I must admit though, this email doesn't contain the details like our names, just email addressed to "Dear Mr. XXXX" and confirming the date and time of the appointment.


----------



## dstone (Jun 10, 2012)

Thanks Zama, At least I'm not alone. 

The Birmingham Registry office sent me an e-mail questionnaire that I had to fill out. Lmao (seriously)... Ah well, just another hoop to jump through. Call me fido.


----------



## Zama (Apr 23, 2012)

dstone said:


> Thanks Zama, At least I'm not alone.
> 
> The Birmingham Registry office sent me an e-mail questionnaire that I had to fill out. Lmao (seriously)... Ah well, just another hoop to jump through. Call me fido.


I don't think they sent such questionnaire to my fiance, though, probably, after filling it out, they may send you more 'official' responce opposite to the one they sent to us.
Anyway, good luck with your application!


----------



## Zama (Apr 23, 2012)

Hello to all! 

Well, after having a good time in Thailand and submission the documents and biometrics in Visa centre two days ago, I am getting a bit anxious about the possible outcome on my fiance visa.
I have been searching hips of informaition on various settlement visa refusal cases and they all made me worry. 
1. Visas normally refused if there is no proper evidence of intention to marry. As I was mentioning earlier, we didn't make arrangements yet, but we have attached the leaflet from the golf club in Coventry where we want to have our ceremony. It is not a confirmation of venue, therefore, can't serve as an evidence of intention to marry. The thing is that our wedding is planned in end of December and my fiance is going to book a venue in the next two months. But of course, we need to make sure we have our visa issued.
2. I saw one case with visa refused on grounds that both applicant's and sponsor's letters are written in the same format and in English style, which made ECO doubt on genuineness of both letters. We wrote our letters using the same font (Arial, 11) and also, in my letter of introduction my fiance made some corrections of spelling mistakes and rephrased some (if not most) of my words!  I was telling him that I want my letter to look authentic even though with minor mistakes, but he got upset and complained that I am never happy with his suggestions. So I gave up and made him to do whatever changes he wanted to do. Now I am worried that ECO might doubt that our letters are geniune. 
3. I know, I was mentioning this earlier too, we physically met only four times spending with each other 7 weeks in total. This is including our recent trip to Thailand which was after my visa application date and obviously, to question "where did you see your sponsor last" in applcation I answered - January 2012. Although, I mentioned in additional information section and in the letter of introduction that we're going to see each other in Thailand for two weeks. I have printed out some photos of us together from Thailand and attached email confirmation of flights, hotel booking and even boarding passes. Would this be considered as part of our application?
4. When I met his family during Christmas last year, he never met my family in Kazakhstan even though he had a trip here last year. Due to cultural reasons I was not disclaiming my relationship to my family before I got sure on his intentions. So he is going to meet my parents in September this year if the visa is successful which I stated in my letter as well. 

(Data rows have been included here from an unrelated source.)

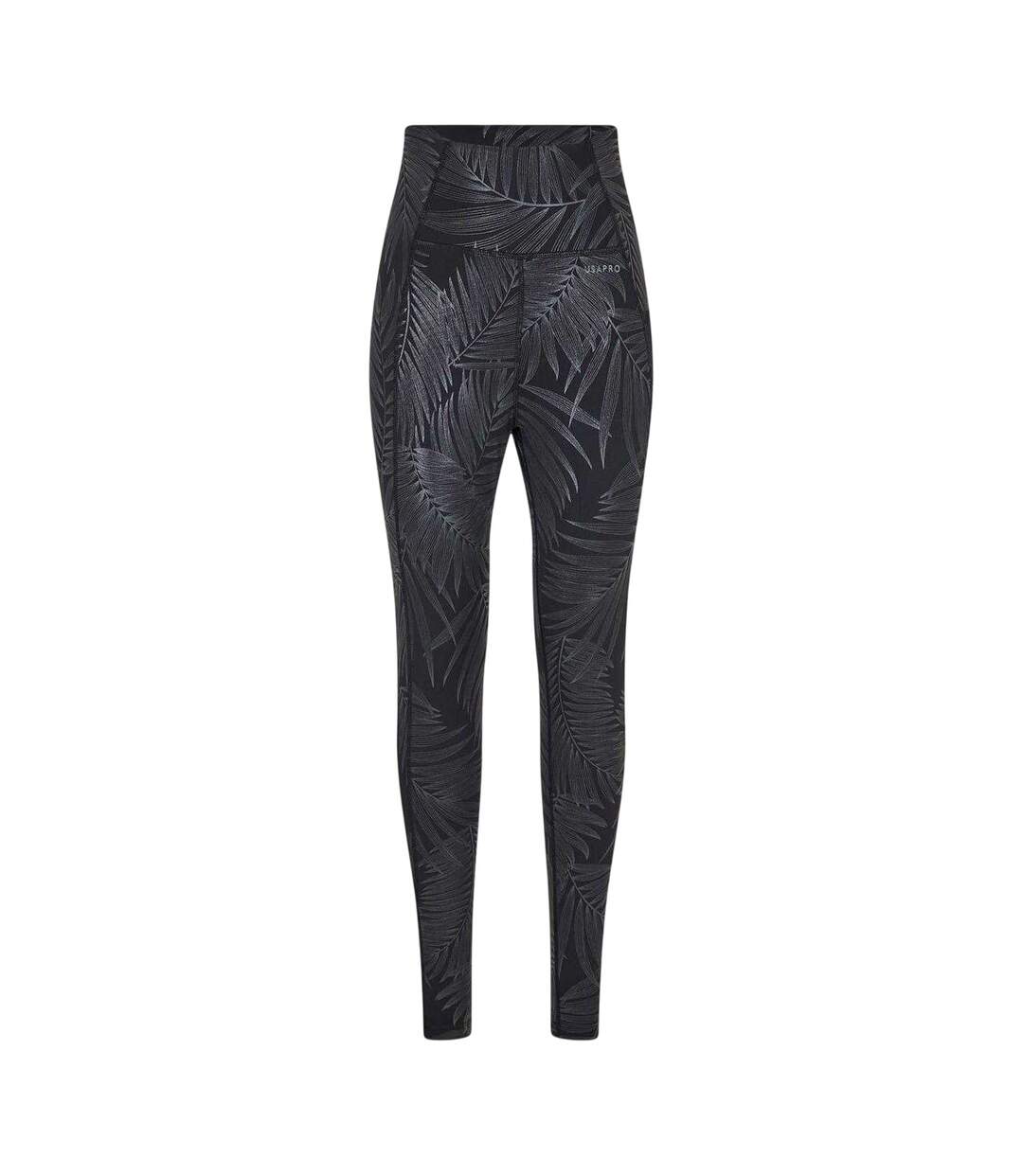 Legging Motif/style Brillant Core Femme Noir USA Pro-2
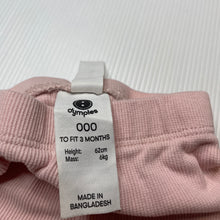 Load image into Gallery viewer, Girls Dymples, stretchy organic cotton blend shorts, EUC, size 000,  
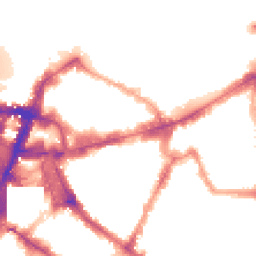 Night-time road noise heatmap for SW1E 6AN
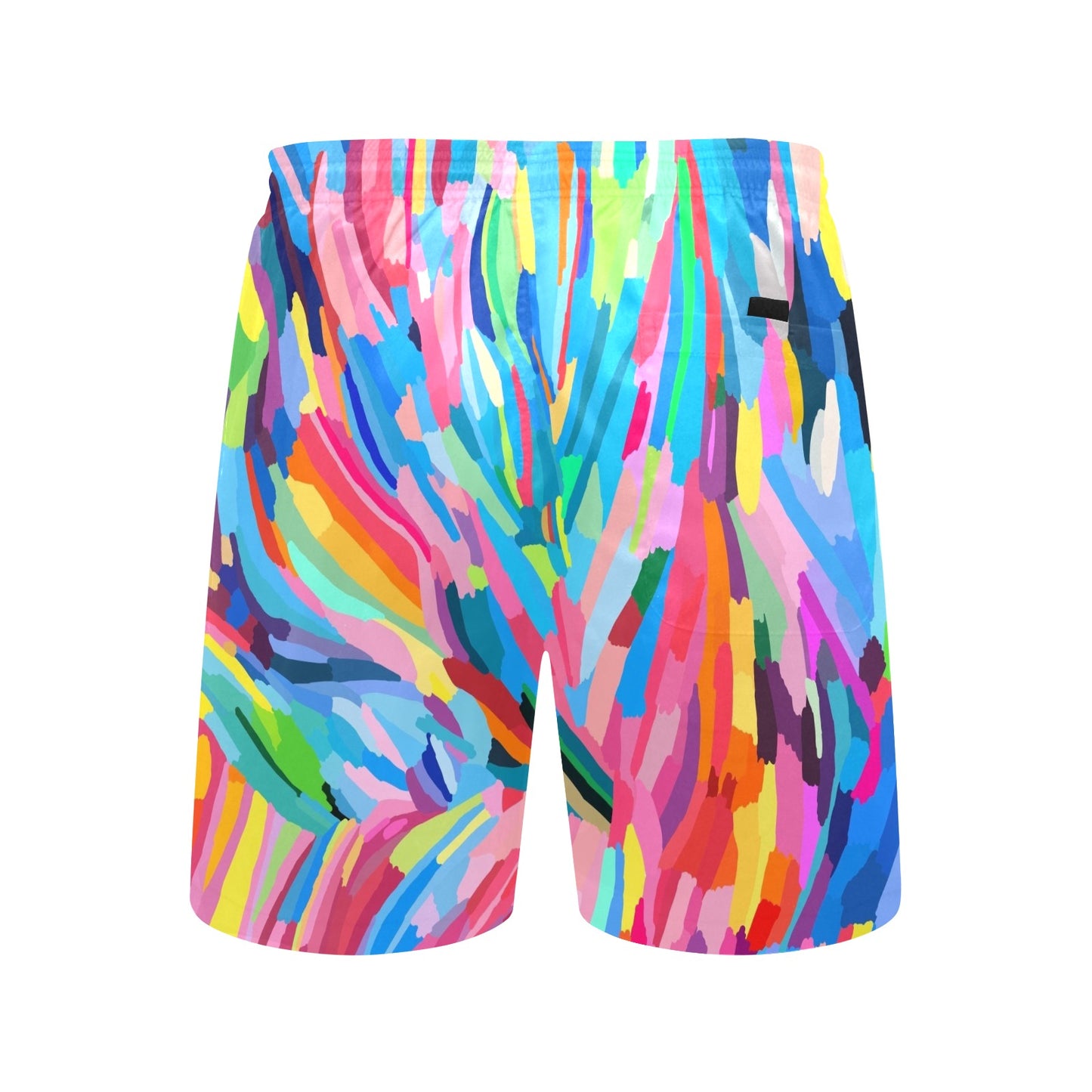 Brushstrokes - Men's Mid-Length Beach Shorts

These are the doubts I have so far and need you people to advise if i should worry at all? 

Thanks to all in advance.


----------



## AnAmericanInScotland (Feb 8, 2012)

Zama said:


> Hello to all!
> 
> Well, after having a good time in Thailand and submission the documents and biometrics in Visa centre two days ago, I am getting a bit anxious about the possible outcome on my fiance visa.
> I have been searching hips of informaition on various settlement visa refusal cases and they all made me worry.
> ...


Hang onto the pics and other things from the trip to Thailand in case the ECO wants to see that you did meet up as you wrote in your letter, but now that your documents are submitted, you can't add anything without them asking for it specifically.

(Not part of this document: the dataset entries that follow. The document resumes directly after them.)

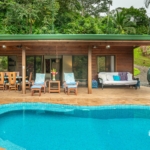 Beautiful 2-Bedroom Wood Home with Acre of Land & Very Private in Finca Maranon in Ojochal Costa Rica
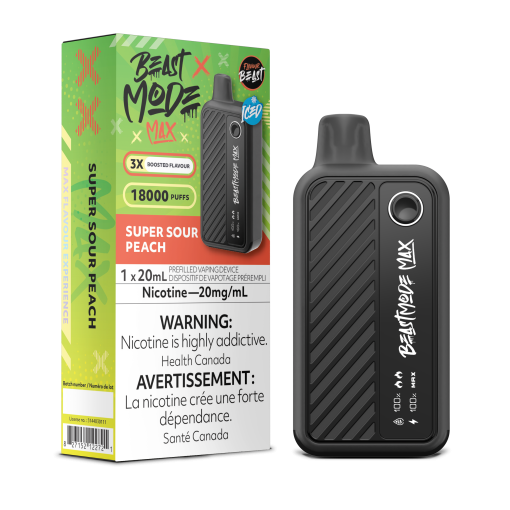 Beast Mode Max 18K Puffs- Super Sour Peach (20mg/mL)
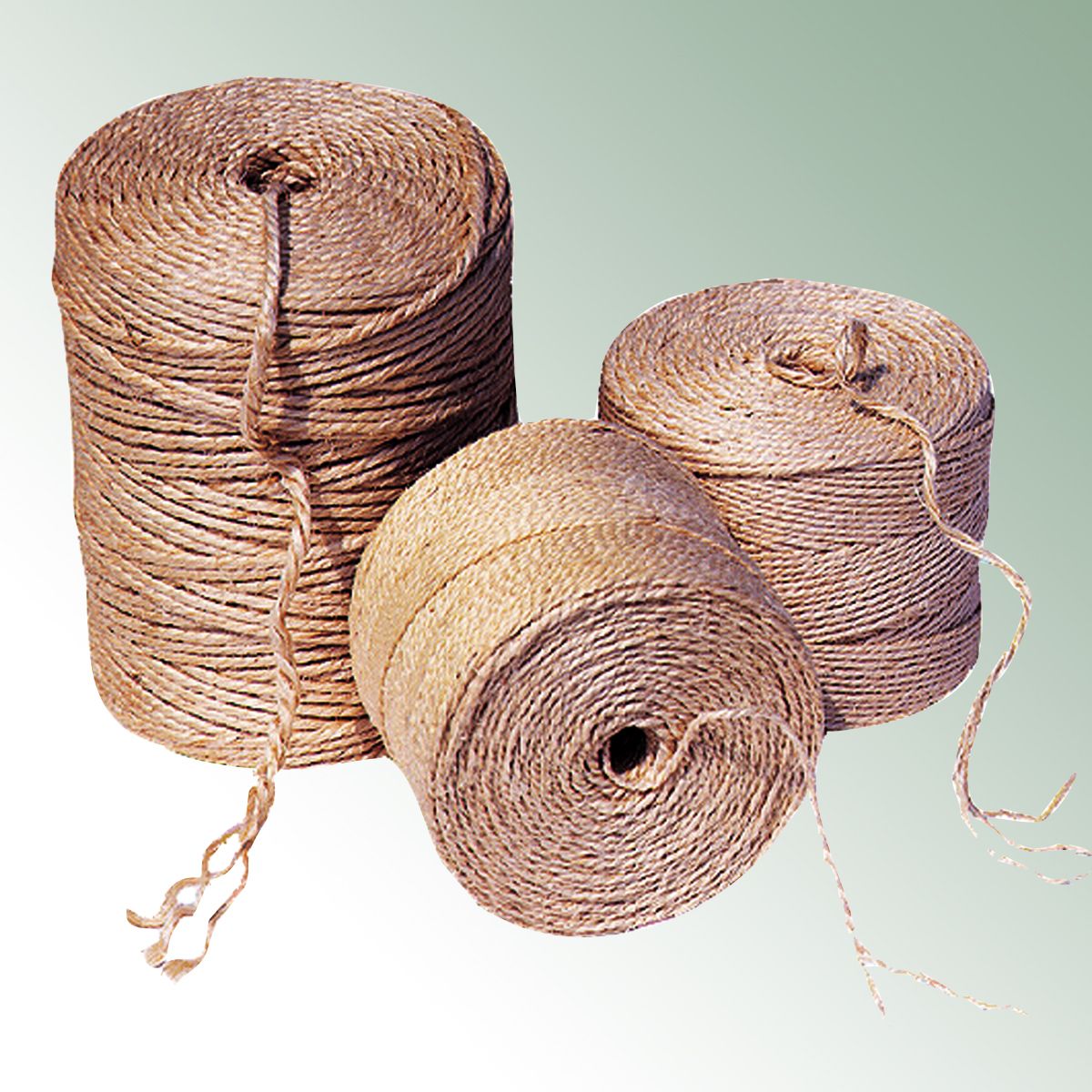 Sisal Twine 3-ply 70 m/kg spool = ca. 6,25 kg sold individually,sack=4spools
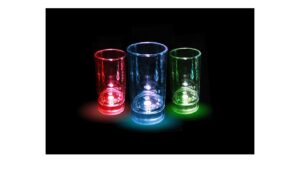 led glasses | acrylic shot glass set | 2 ounces | christmas party glass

Oh, btw, I'm married to 'an English professor' too, lol. Because I'm from America he thought he needed to correct my grammar and spelling in several places-drove me mad but I went along because really, it's what you do when you're in love:lol: I did get my visa, so I'm sure the ECO probably understood. Plus, both of you have excellent educations and language, phrasing, etc, will frequently have similarities. I wouldn't let it worry me.

But of course, it's very hard not to worry after the application and supporting documents are turned over. At first, for about 24 or so hours, lol, we feel relieved, just great to have those papers turned in. Most applicants think a version of 'WooHoo, we're on our way now!'

But then we get to looking at our application and supporting documents copies, and going over it all in our minds, and all that horrible worry starts back up-growing by the minute as we wait for the determination

It is beyond 'stressful', it is truly agonising! I remember I would be in the middle of washing up/cooking/vacuuming/walking/visiting with friends and family/breathing/sleeping, and WHAMMO, the negative thoughts reappeared: 'Oh I really wish I'd written that differently, what if the ECO thinks I'm lying/stupid/not good enough??!!' 

No, really, I remember thinking that several times during the wait. I was sure the ECO would see something in the way I answered a question or wrote my introductory letter, and decide "Oh no, this woman simply will not do to come to the UK!', and reject my application.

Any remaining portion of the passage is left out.